El discurso de mínimos nos hace regresar, por la puerta de atrás, a la resignación. De un modo encubierto, se basa en el supuesto de que nuestras aspiraciones no son realizables, que tenemos que darlas por imposibles, y que, por consiguiente, debemos aceptar lo poco que se nos ofrece con el agradecimiento de que “al menos” se nos ofrezca eso. La caridad tiene sentido sólo en un mundo marcado por la carencia; en un sistema que se basa en la opulencia de unos pocos frente a la privación de la mayoría, la caridad secunda esa escasez, como si fuera su otra cara de la moneda. ¿Qué valor tendría la limosna o la beneficencia en una sociedad en la que todos dispusieran de lo que necesitan? Y, si preferimos remitirnos menos a lo material, ¿qué falta haría el consuelo a un ser que basa la dignidad en sí mismo, sin apelar a platónicas esencias superiores, y se alza firme sobre ella? Cuando nos dicen “al menos” nos están empujando a aceptar el “menos”, a movernos según parámetros que nos limitan al “menos”.

Por eso, aunque reconozcamos con admiración determinados esfuerzos de personas entregadas a la beneficencia, aunque no le quitemos valor a determinadas labores sociales de la Iglesia, no podemos considerarnos satisfechos con ellas, no podemos alabarlos alegremente como una prueba de que nuestra sociedad, como quería Leibniz, “es la mejor de las posibles”. La práctica organizada de la caridad es la prueba palpable de una sociedad perversa y despreciable, es su consecuencia y su cómplice. No nos conformamos con el “menos”, y no porque no admitamos que la vida está llena de sufrimiento, que los recursos son escasos; no porque no nos preguntemos a veces, atormentados de incertidumbre, si el ser humano es capaz de construir un mundo mejor. No nos conformamos porque sabemos que mientras haya alguien que nos diga “al menos”, estará invitándonos a la resignación, a convertirnos nosotros también en cómplices sumisos de la iniquidad; estará robándonos la dignidad, estará negándonos la capacidad de hacer algo mejor; estará relegándonos a la categoría de víctimas impotentes.
Si se supone que la persona religiosa “al menos” es un poco más feliz, nosotros respondemos que preferimos ser “bastante” más felices, y serlo desde la lucidez y la racionalidad, no desde el apocamiento y la fantasía. Si nuestra vida ha de tener sentido, no renunciamos a dárselo desde el pensamiento y la dignidad del ser que se hace cargo de su propio destino.
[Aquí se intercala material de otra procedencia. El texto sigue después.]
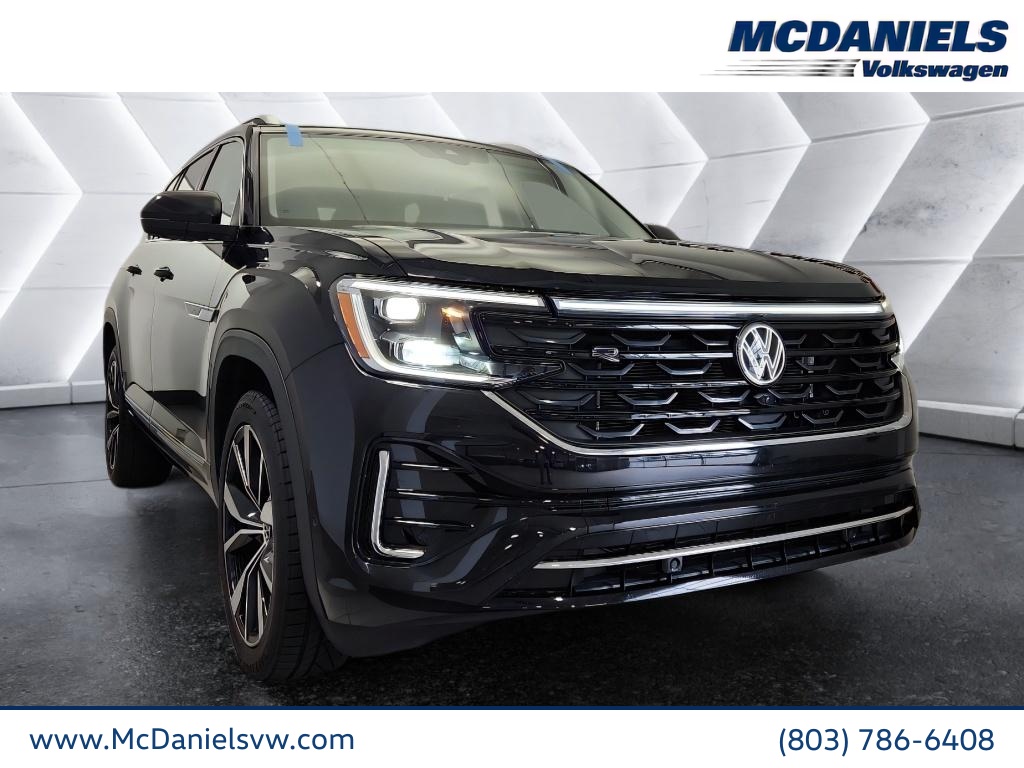  Volkswagen Atlas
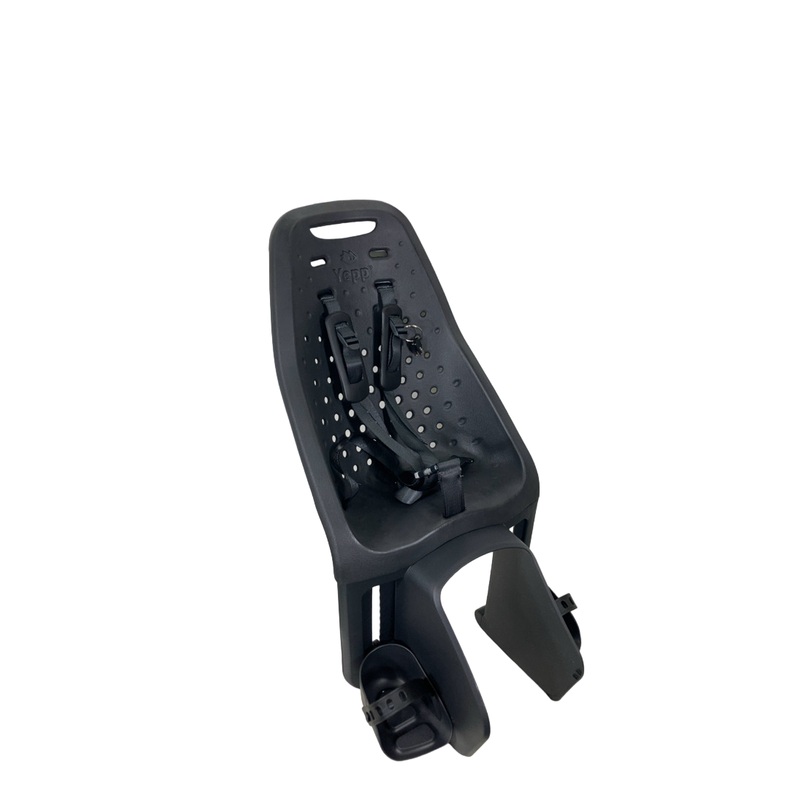 Thule Yepp Maxi Child Bike Seat, Black
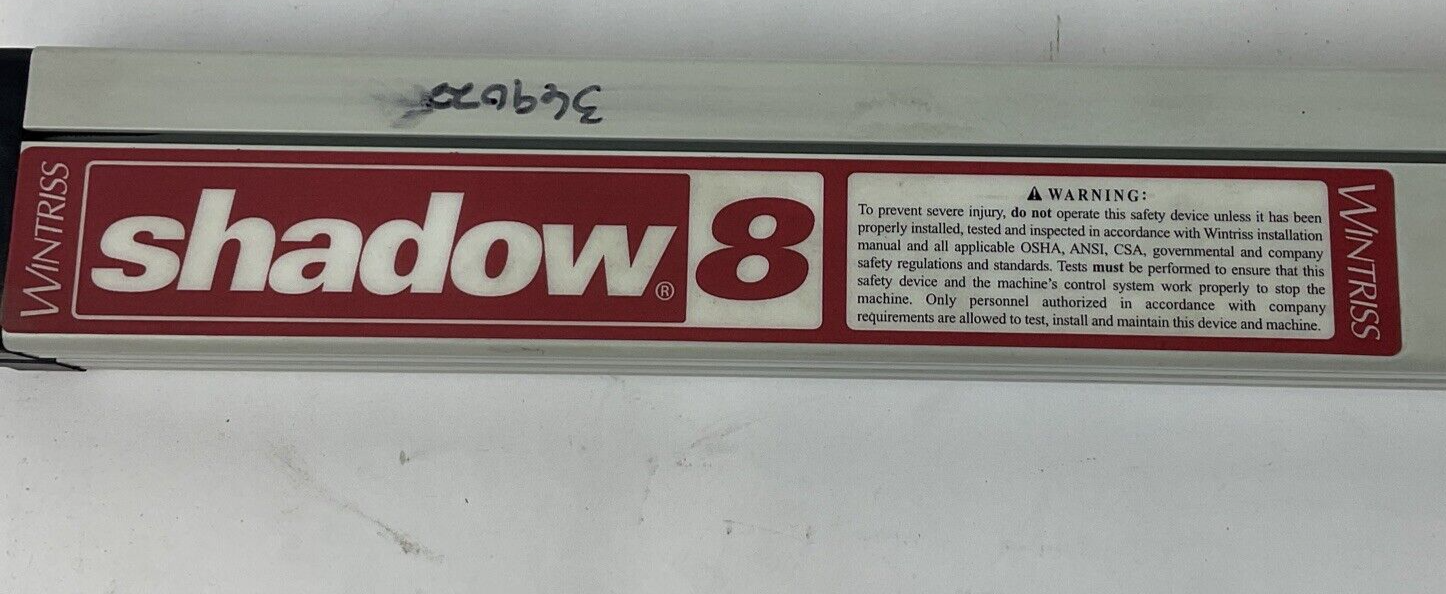 WINTRISS 9685303 EXTENSION TRANSMITTER SHADOW 8 24VDC 17.3IN 440MM 1-65FT2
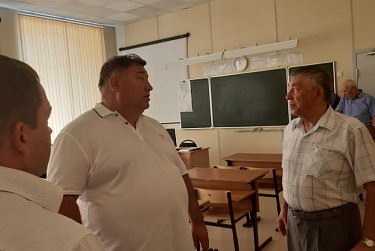 К 1 сентября готовы!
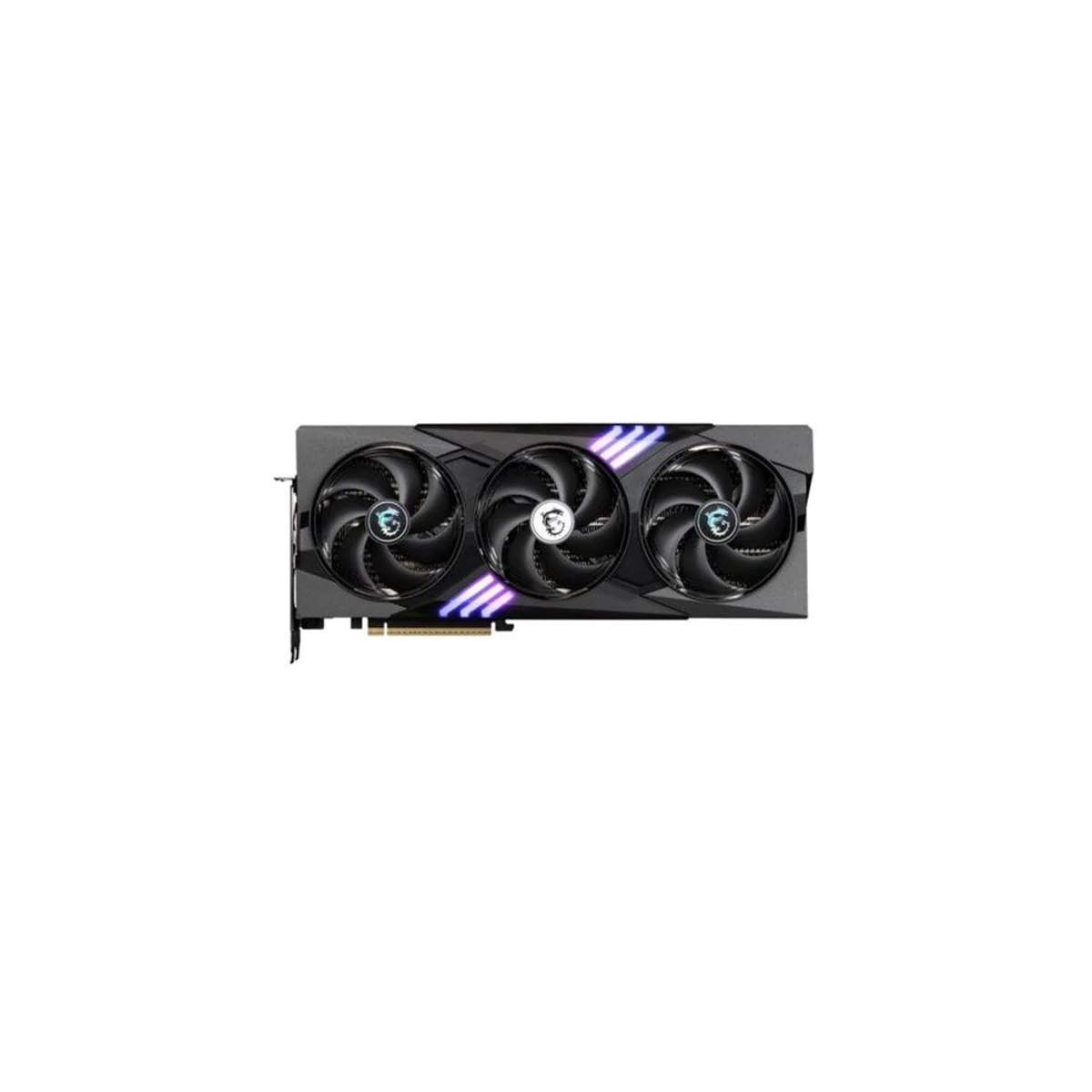 MSI GeForce RTX 5070 Ti 16G GAMING TRIO OC, hohe Leistung, optimierte Kühlung, RGB-Beleuchtung 2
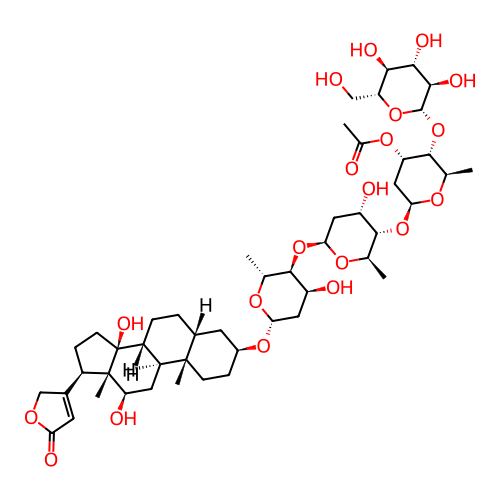 Chemical structure of BindingDB Monomer ID 430643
Si hemos de consolar nuestro sufrimiento, preferimos hacerlo desde lo humano, desde la reflexión y la sabiduría, en lugar de poner la esperanza en primitivas falacias sobrehumanas. Si se trata de ser profundos, ¿qué mayor profundidad que la del que mira la verdad sin subterfugios, aunque lo haga con temor? Si se trata de contar con unos valores, ¿por qué no podemos referirlos a la propia vida humana y a un proyecto estrictamente humano, a nuestra condición natural e inmediata, en lugar de tomarlos de pretendidas revelaciones sobrenaturales?
Y si de lo que se trata es de que los pobres coman, ¿no sería mejor que aspiráramos a que dejaran de ser pobres, a que tomaran las riendas de su destino y dejaran de transigir con que se les relegue a esa condición? ¿No sería preferible que dejara de haber otros que los someten a la indigencia para poder amasar fortunas a su costa? El mendigo, mientras come de la caridad, debería estar aprovechando para planear un mundo en el que no fuese necesaria. Y si él no puede o no sabe, entonces deberíamos hacerlo por él quienes nos limitamos a tranquilizar nuestra conciencia con limosnas. Si la convicción no nos diera para ello, “al menos” debería sacudirnos la vergüenza.
No nos conformamos con los mínimos, no estamos dispuestos a ser cómplices de un mundo que nos parece injusto. La vida humana se define por sus derrotas, pero se gesta en las aspiraciones y los esfuerzos. El hombre es el ser que se alza, una y otra vez, frente a la limitación.